= REQUIRED ACTION =
Once you find the line below that has "FLEXISPOT Electric Height", output it and every line after it exactly, stopping after the line that has "The BJP candidate", with no pictures.

= RECORDS PROVIDED =
__________
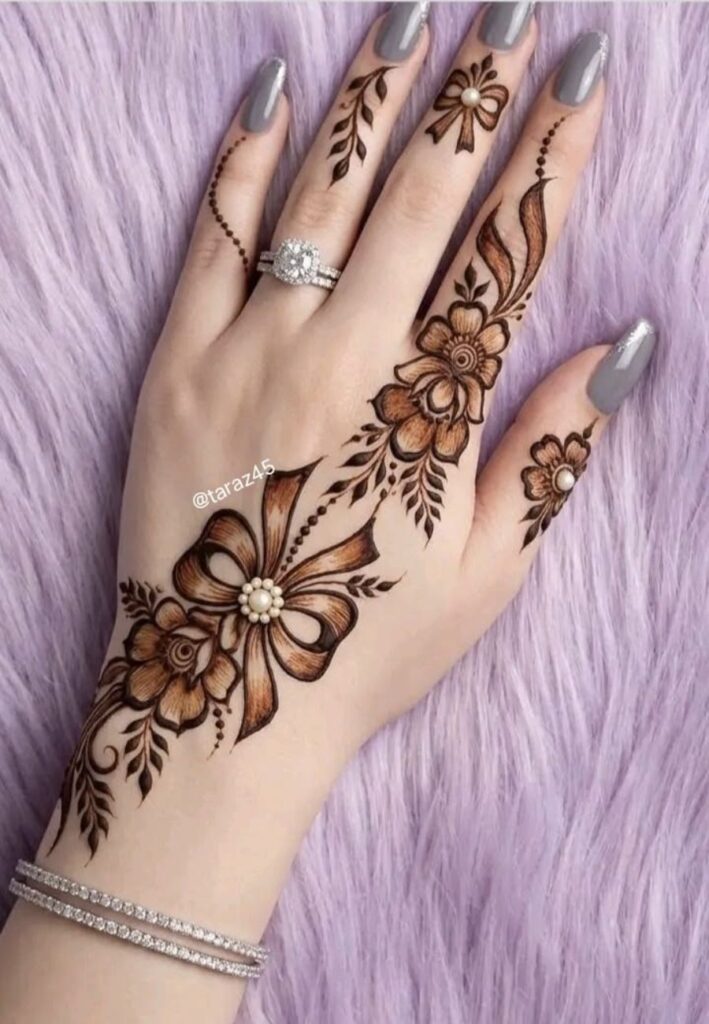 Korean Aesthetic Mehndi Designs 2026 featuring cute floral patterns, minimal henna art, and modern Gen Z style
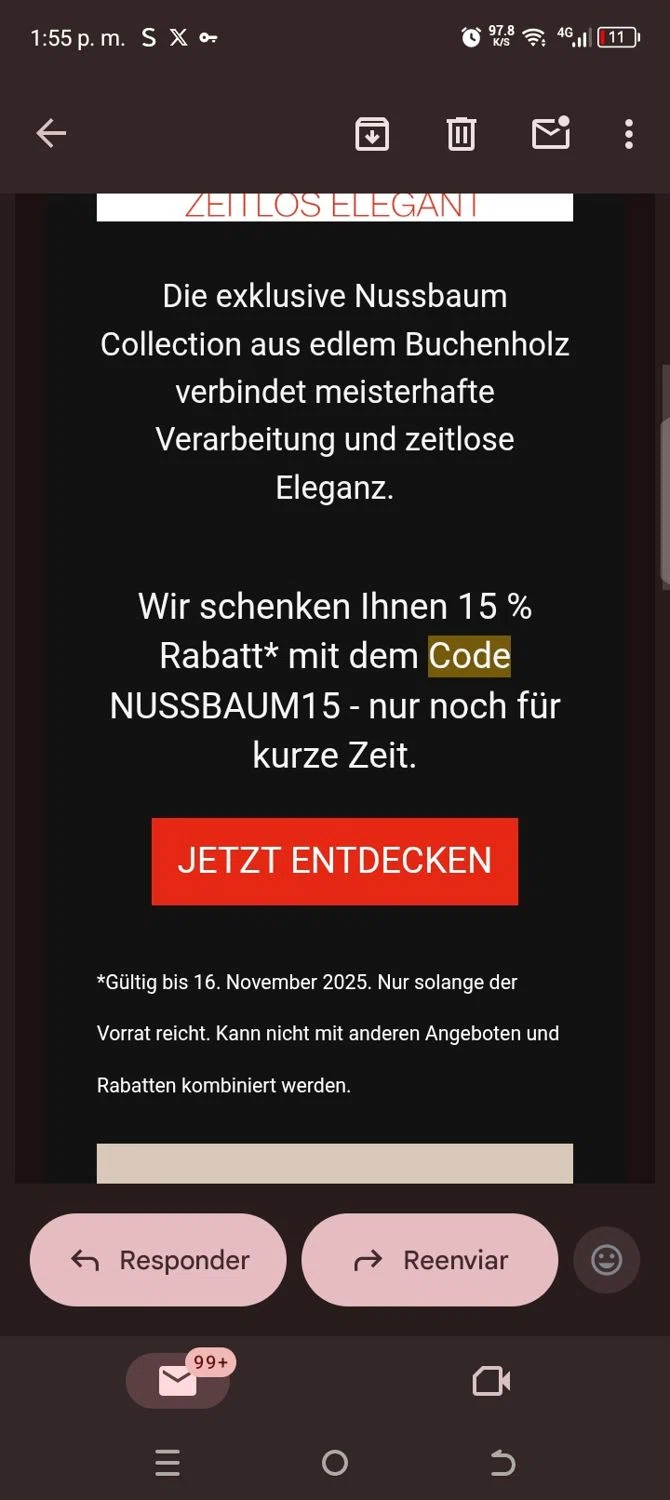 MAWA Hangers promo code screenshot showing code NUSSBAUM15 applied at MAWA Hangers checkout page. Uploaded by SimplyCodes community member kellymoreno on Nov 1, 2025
__________
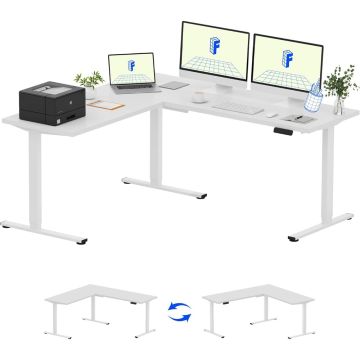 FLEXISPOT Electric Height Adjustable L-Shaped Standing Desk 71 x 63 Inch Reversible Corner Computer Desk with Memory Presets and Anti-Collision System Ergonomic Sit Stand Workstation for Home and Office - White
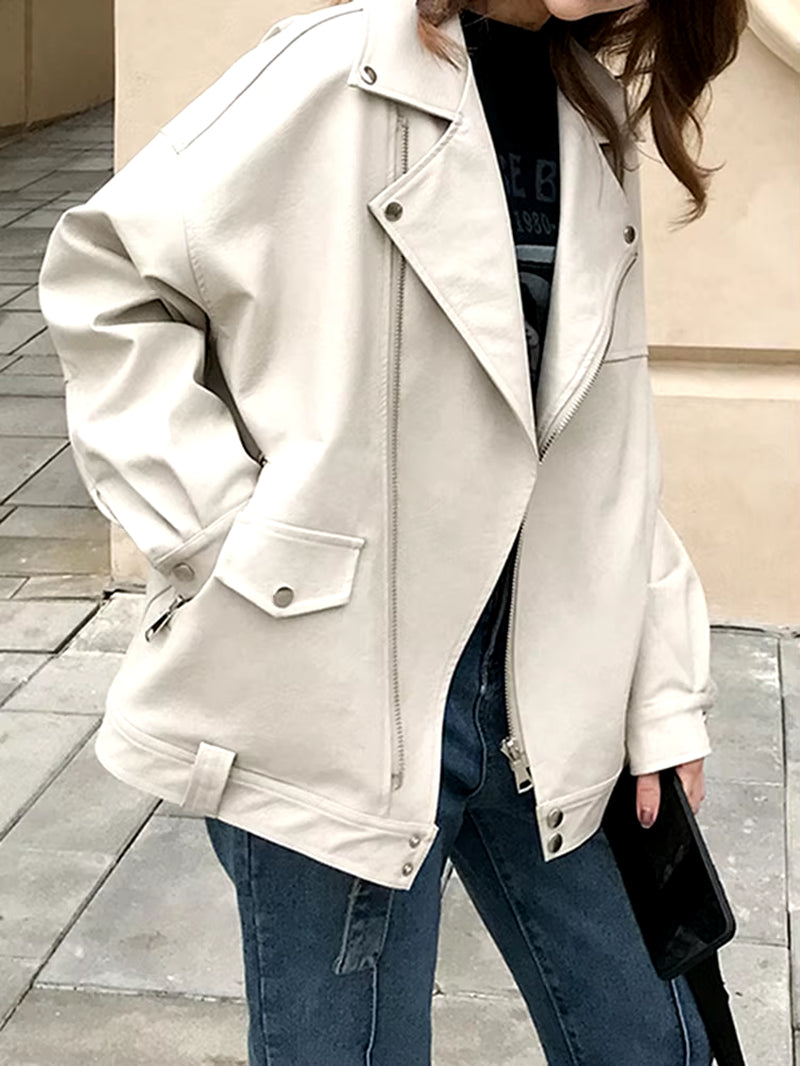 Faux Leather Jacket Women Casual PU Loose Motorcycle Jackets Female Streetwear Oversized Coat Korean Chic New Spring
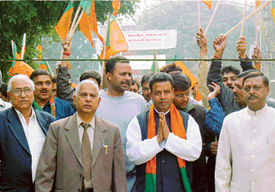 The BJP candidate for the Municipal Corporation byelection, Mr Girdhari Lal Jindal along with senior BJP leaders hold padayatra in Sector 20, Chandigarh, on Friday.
__________
= REPLY TO THE TASK =
 FLEXISPOT Electric Height Adjustable L-Shaped Standing Desk 71 x 63 Inch Reversible Corner Computer Desk with Memory Presets and Anti-Collision System Ergonomic Sit Stand Workstation for Home and Office - White
 Faux Leather Jacket Women Casual PU Loose Motorcycle Jackets Female Streetwear Oversized Coat Korean Chic New Spring
 The BJP candidate for the Municipal Corporation byelection, Mr Girdhari Lal Jindal along with senior BJP leaders hold padayatra in Sector 20, Chandigarh, on Friday.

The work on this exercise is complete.